Dia mengatakan, sesuai Pasal 33, Kura-kura Leher Ular Rote tersebut bagian dari kekayaan Indonesia yang hanya dimiliki oleh Indonesia. Untuk itu harus dipertahankan populasinya, jangan sampai punah.
“Kita tidak hanya menyelamatkan kura-kura, tapi juga menyelamatkan masa depan keanekaragaman hayati Indonesia,” ujar Raja.
Dia menyebutkan, proses pelepasliaran ini dilakukan dengan prinsip kehati-hatian dan standar kesejahteraan satwa (animal welfare). Upaya tersebut melibatkan BBKSDA NTT, BRIN, Pemda, Masyarakat serta dukungan PT Alam Nusantara Jayatama dan Vantara Nature Rescue and Rehabilitation Center.

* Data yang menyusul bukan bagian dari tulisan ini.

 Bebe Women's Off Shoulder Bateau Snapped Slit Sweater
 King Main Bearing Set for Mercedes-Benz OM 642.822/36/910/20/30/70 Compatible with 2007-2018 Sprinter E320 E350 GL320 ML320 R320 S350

Raja menegaskan, Kura-kura Leher Ular Rote itu masuk sebagai salah satu dari 25 kura-kura terlangka di dunia. Sehingga harus benar-benar dijaga keberadaannya. Dia berharap ke depan semakin banyak populasi Kura-Kura Leher Ular Rote yang bisa dilepasliarkan.

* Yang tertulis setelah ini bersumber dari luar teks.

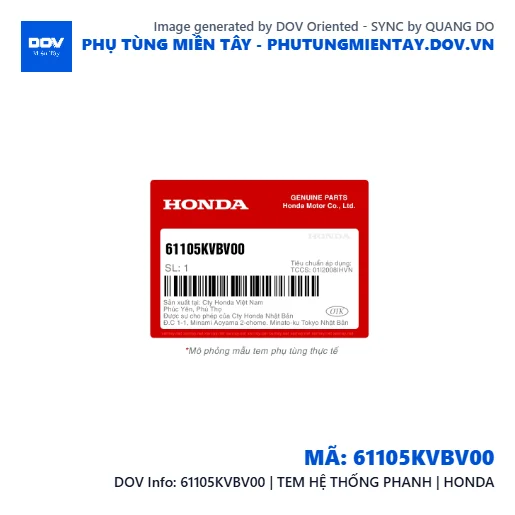 61105KVBV00 | TEM HỆ THỐNG PHANH | HONDA  — 61105KVBV00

Dukungan upaya pemulihan populasi spesies ini juga melibatkan masyarakat Kelompok Papadak Danau Ledulu, kelompok Papadak Lendeoen, dan Kelompok Papadak Danau Peto. Raja menilai kolaborasi dan sinergi dari seluruh pihak perlu dilakukan untuk menjaga kelestarian satwa endemik Indonesia.
“Dari danau-danau kecil di Rote, kita belajar bahwa konservasi bukan pekerjaan segelintir orang,” tuturnya.

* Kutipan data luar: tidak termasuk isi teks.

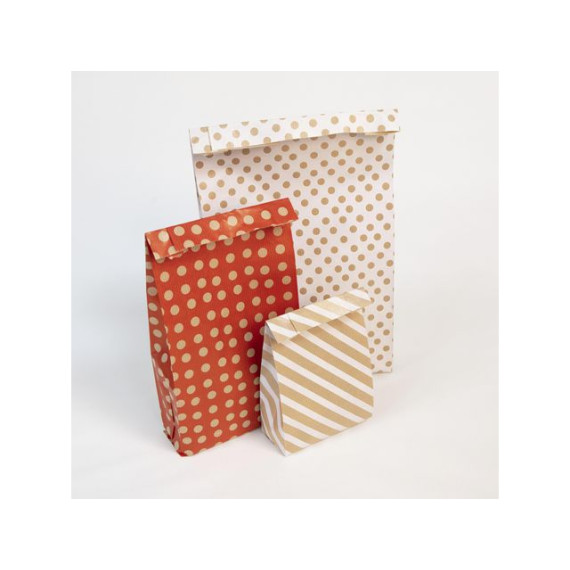 Gavepose CF kraft 11x21cm stripe (50)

Melainkan sinergi bersama dalam memastikan bahwa pembangunan berkelanjutan benar-benar berpihak pada alam. Termasuk menjaga kelestarian satwa endemik seperti kura-kura leher ular rote ini.
Menurut sejumlah literatur, jumlah populasi pasti Kura-Kura Leher Ular Rote tidak diketahui secara pasti. Tetapi spesies ini terancam punah dan dianggap punah secara de facto di alam liar sejak tahun 2005. Upaya konservasi, termasuk program pengembangbiakan dan pelepasliaran individu hasil repatriasi, terus dilakukan.
Salah satu pemicu menurunnya jumlah populasi Kura-Kura Leher Ular Rote adalah eksploitasi berlebihan. Pada kurun 1980-1990 terjadi perburuan liar Kura-Kura Leher Ular Rote secara massif atau berlebihan. Upaya melindungi populasi Kura-Kura Leher Ular Rote dilakukan lewat pengembangbiakan ex-situ atau di luar habitatnya sejak 2009 lalu.